From the records below, copy out exactly the lines from the one containing "紅掌花的寓意是什么意思" to the one containing "A baby small-sized", both included. Add nothing else.

LISTED ENTRIES »
■ ■ ■

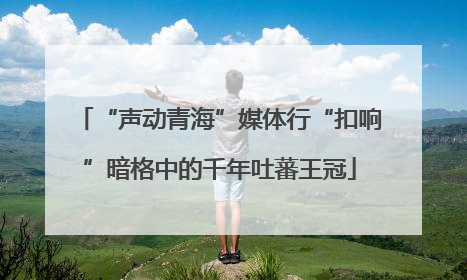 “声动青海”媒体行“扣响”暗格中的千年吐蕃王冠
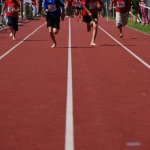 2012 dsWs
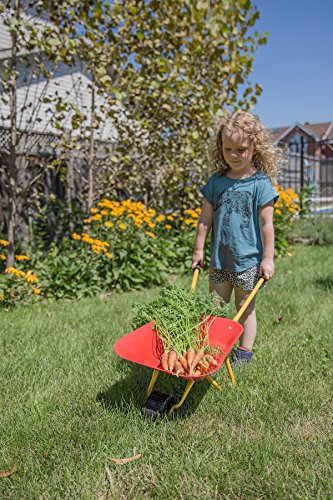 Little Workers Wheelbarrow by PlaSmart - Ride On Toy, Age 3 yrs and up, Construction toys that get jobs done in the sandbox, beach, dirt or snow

■ ■ ■

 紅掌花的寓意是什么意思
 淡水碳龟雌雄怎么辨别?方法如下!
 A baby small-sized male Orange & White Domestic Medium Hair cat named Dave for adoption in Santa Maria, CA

■ ■ ■

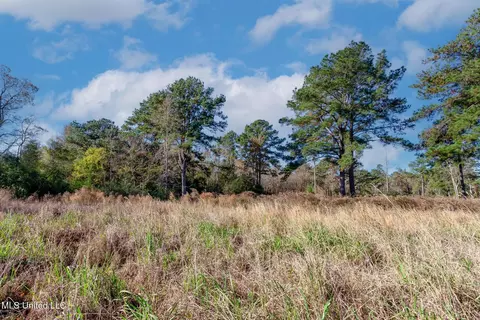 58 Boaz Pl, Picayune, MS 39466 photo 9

■ ■ ■

EXPECTED ANSWER »
 紅掌花的寓意是什么意思
 淡水碳龟雌雄怎么辨别?方法如下!
 A baby small-sized male Orange & White Domestic Medium Hair cat named Dave for adoption in Santa Maria, CA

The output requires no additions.